All being well, you should see the message you enter at the prompt appear in the connector's output file.
Using the REST API
The REST API that I outlined in Part I should still work, although you'll
probably need to log into a pod to invoke it. Unless you changed it at
installation time, the REST API port will be 8083, as in the bare metal
installation. So, to invoke the connectors
API and get a list
of installed connectors, we can log into the KC pod and run this:
$ curl `hostname`:8083/connectors ... ["my-file-sink"]
Note:
You probably won't be able to uselocalhost
here -- in recent Strimzi versions the API port does not bind to the loopback address.
While the REST API works, you should bear in mind that this API is also
used by the KC infrastructure for Strimzi integration. It's probably best
not to mix REST-based administration with the use of KafkaConnector
custom resources.
Closing remarks
Running Kafka Connect in a container environment is conceptually the same as running it on bare metal. We still run the KC framework with particular plug-ins enabled; we can still use the REST API to configure it.
The additional complexity of using Strimzi stems from the 'cattle, not pets' philosophy of Kubernetes.

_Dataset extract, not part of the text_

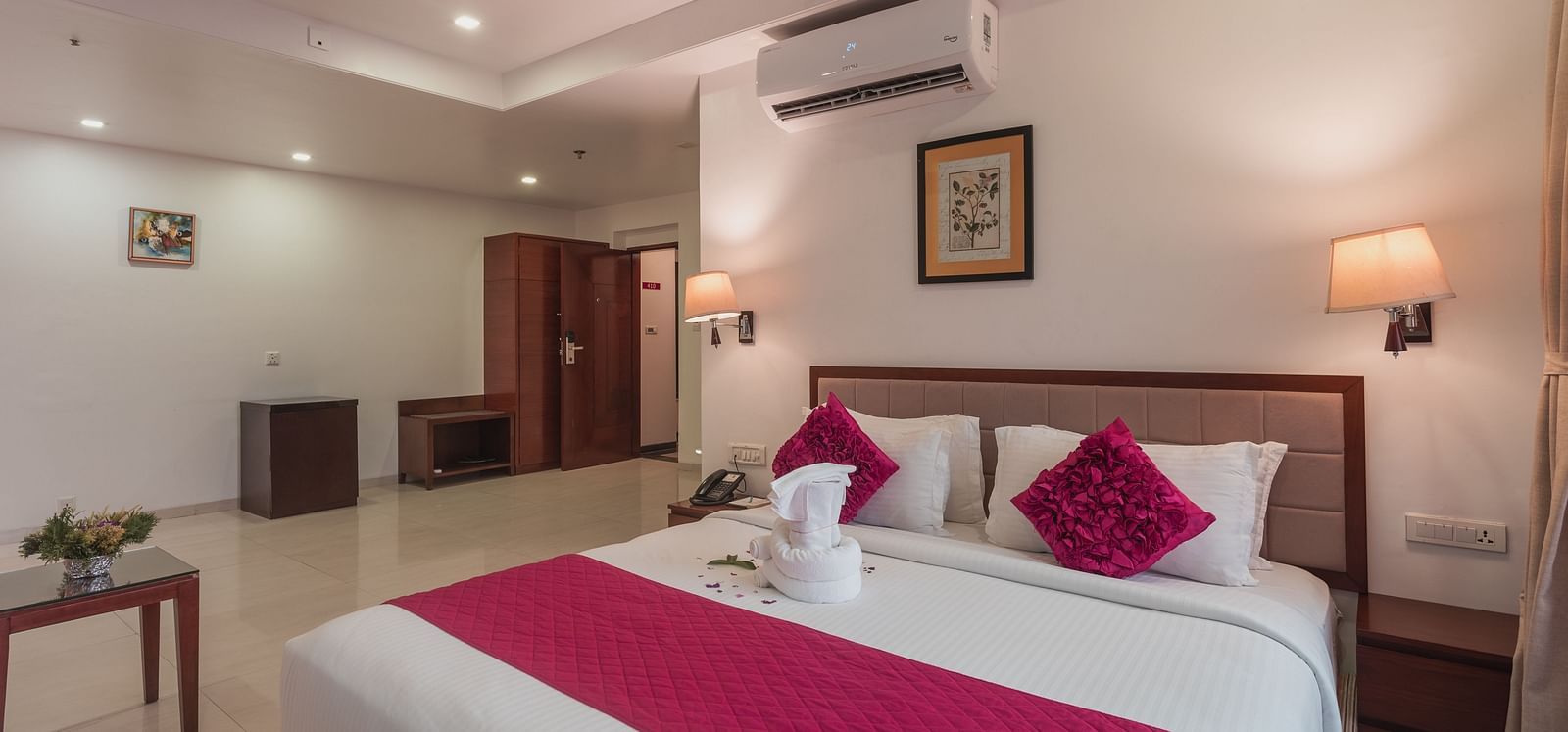 A hotel room at Diamond Palace Lords Plaza with a double bed accented with pink, a seating area, and wooden furniture.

We can't just install plug-ins by copying JAR files into the container, because the container filesystem is immutable. On the positive side, the complexity does not get any worse -- on the conceptual level -- when we use KC for real applications (like Debezium). On a practical level, however, we still have to make the necessary JARs available in repositories where the KC build framework can find them. It can, frankly, all be a bit tedious.